I personally found that if the FFI code lives inside the same crate as the “main logic” then another challenge can be to know what items should be pub, pub(crate) or hidden. If all access to your code is via an FFI that lives in the same crate, technically everything can be pub(crate) since no outside crate will ever access any items.

Using pub then becomes a mean to get a nice rustdoc documentation for your Rust code, but it also means that warnings such as “unused function” are no longer reported.

Summary

Rust is a good fit for creating C or C++ APIs, the language requires no special runtime, functions are easily callable through a C FFI and user-created types (and primitives) easily translate into C-compatible types.
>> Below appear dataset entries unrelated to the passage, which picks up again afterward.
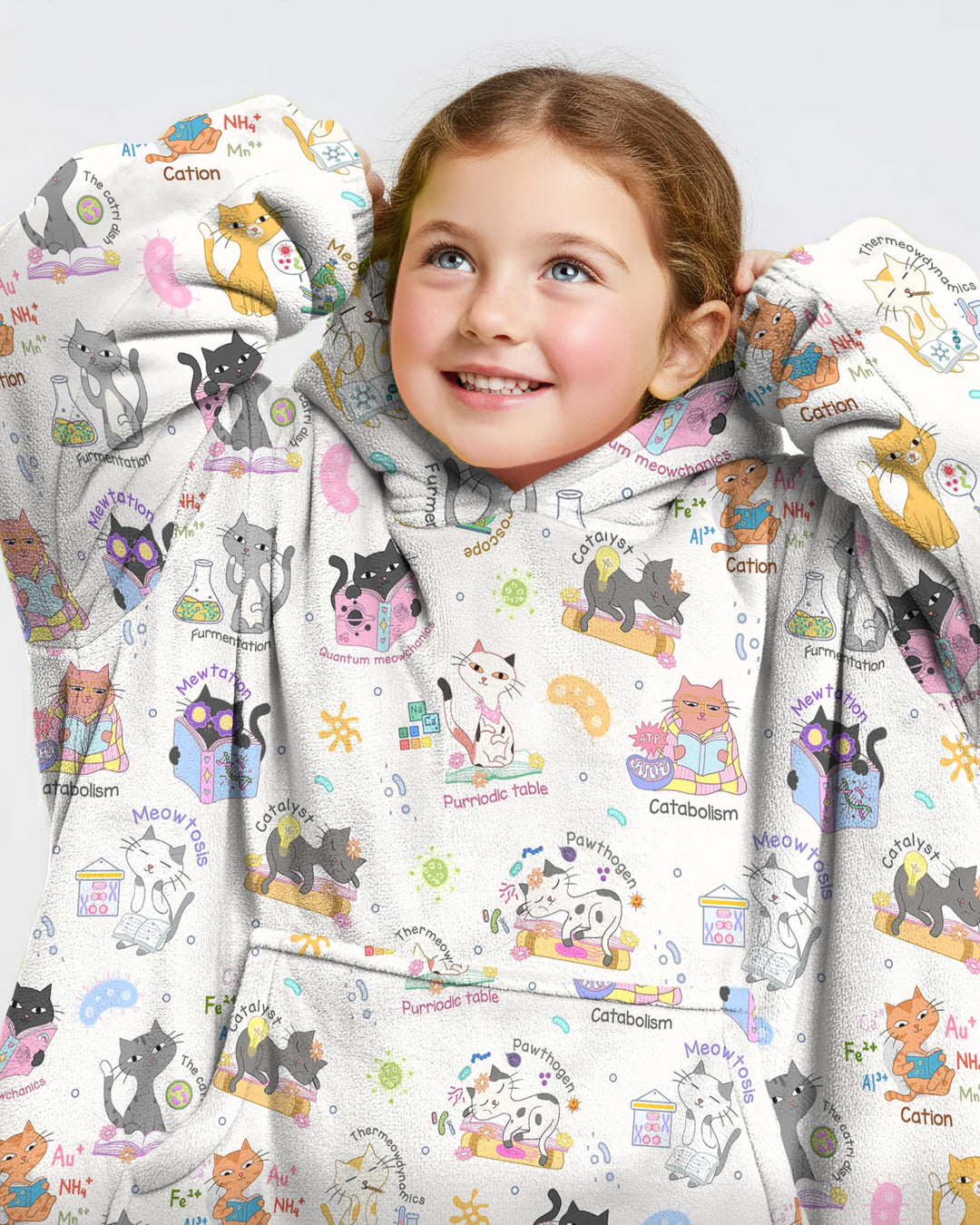 Funny Cat Love Scientist Bamboo Blanket Hoodie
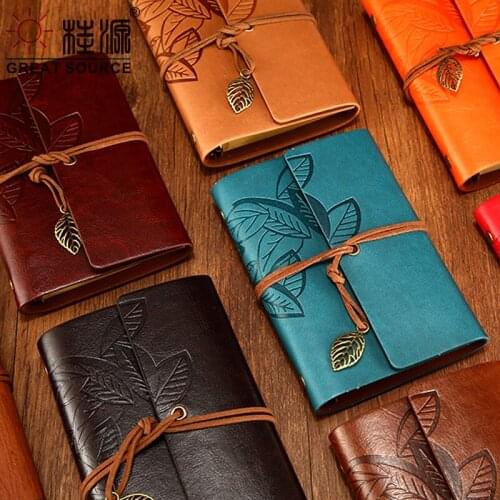 A6/A7 Notebook Vintage Journal Kraft Grid Notepad Leather Cover Blank Dots Planner 2021Bullet Journal Cute School Notebooks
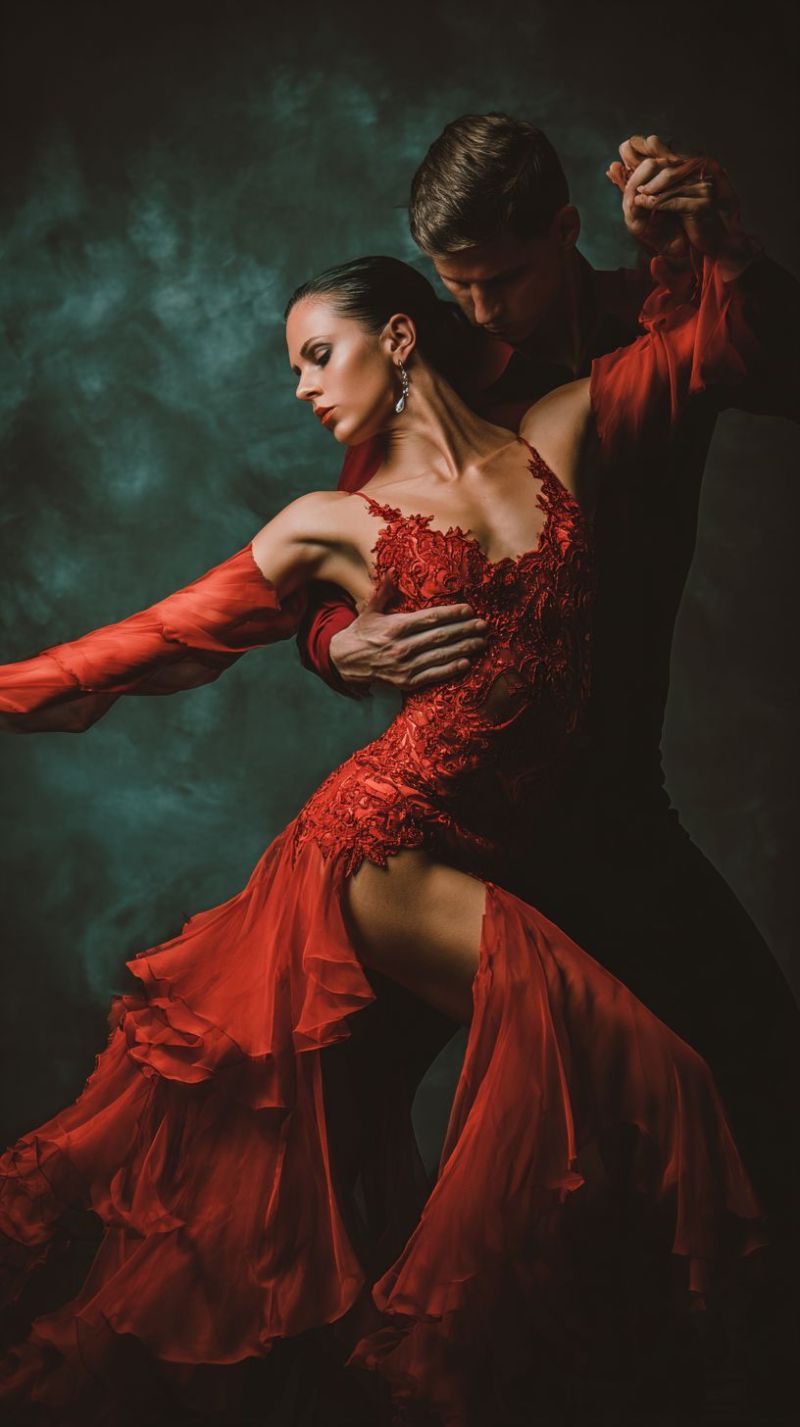 Couple romance passion elegant salle bal romantique intime performance expression emotion grace rouge robe Un homme et une femme dansent étroitement l'un contre l'autre. La femme porte une robe rouge avec des détails en dentelle complexes, et ses cheveux sont coiffés de manière à flotter librement. L'homme est vêtu d'un costume noir et tient la taille de la femme d'une main tandis que l'autre main est sur son dos. Ils regardent tous les deux vers le bas, peut-être en se concentrant sur leurs pas de danse. L'arrière-plan est sombre et quelque peu flou, suggérant un cadre de studio.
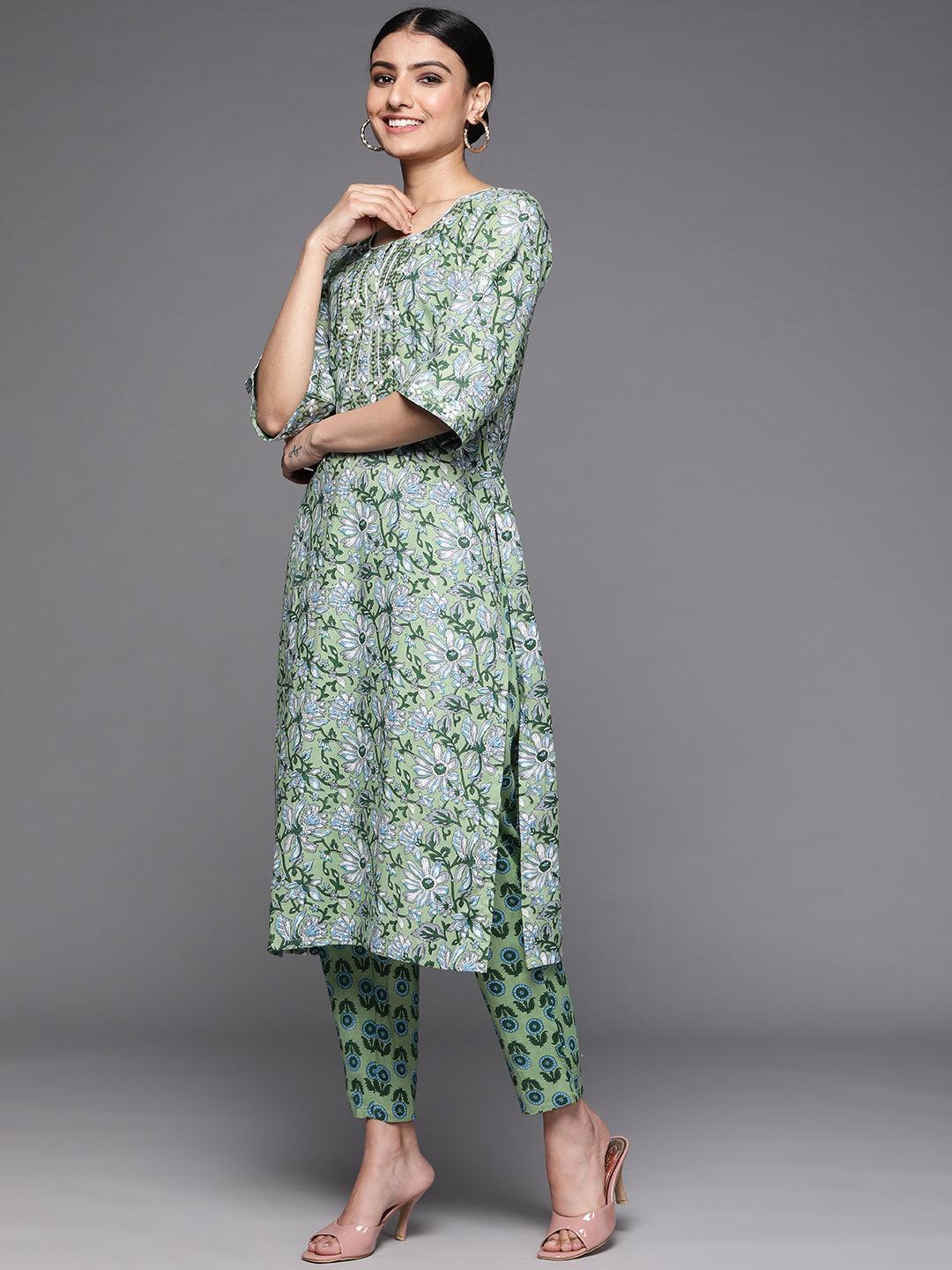 Green Printed Cotton Suit Set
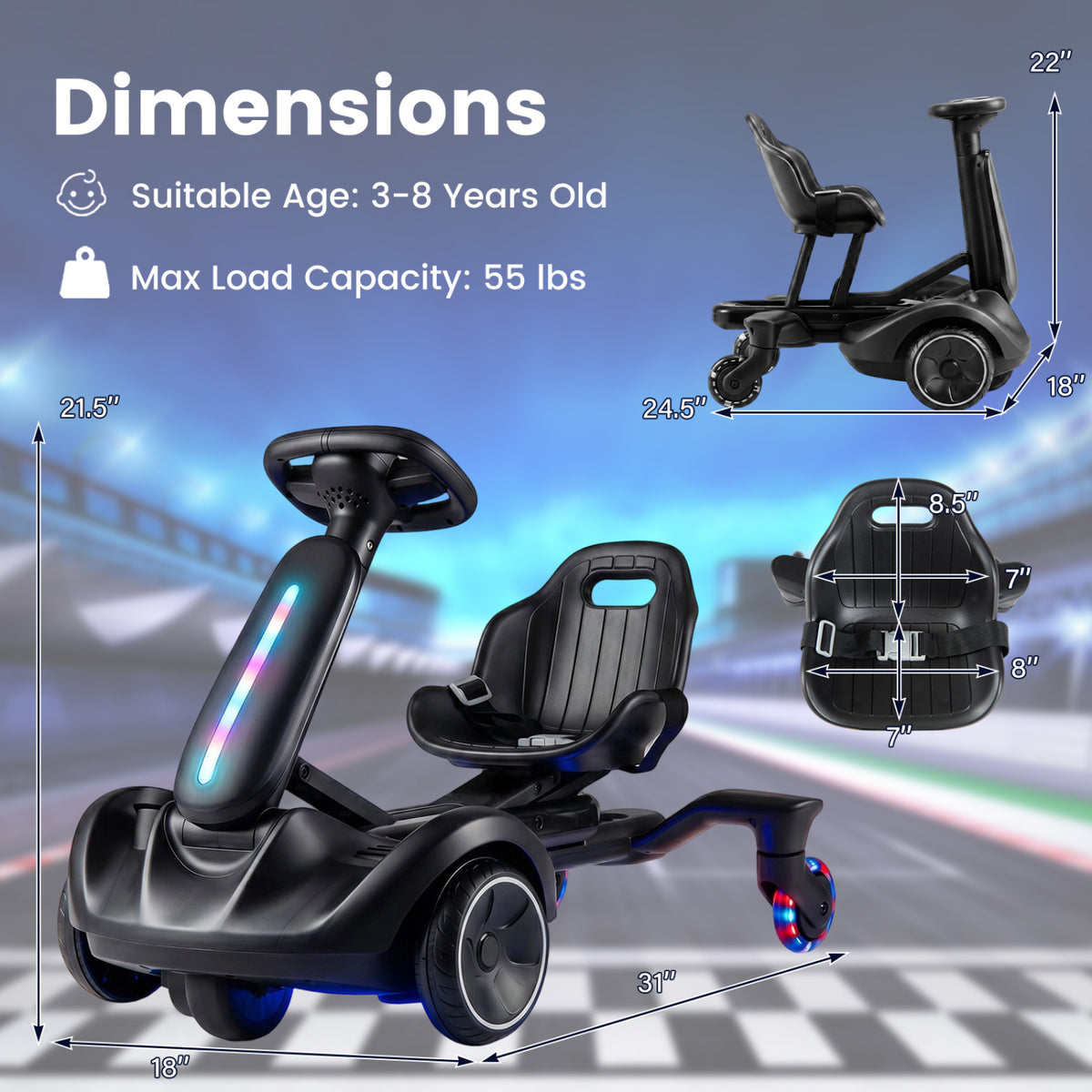 6V Ride-on Drift Car with Lights and Adjustable Seat-Black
There are nice tools such as bindgen, cbindgen and cpp which help reduce boilerplate and automate error-prone binding of types and functions.

When binding a Rust library to C/C++, a clear separation between the core-logic and the FFI layer should exist. In the best case the FFI code lives in a separate crate so that designing the Rust API is not affected too much by the presence of a FFI and choosing visibility modifiers becomes easier.

When exposing data-types to a FFI, Copy types are the nicest to work with, and for non-Copy types owned data should be preferred over borrowed data.

If there are any other tools available that I missed that try to solve the same problems, please let me know!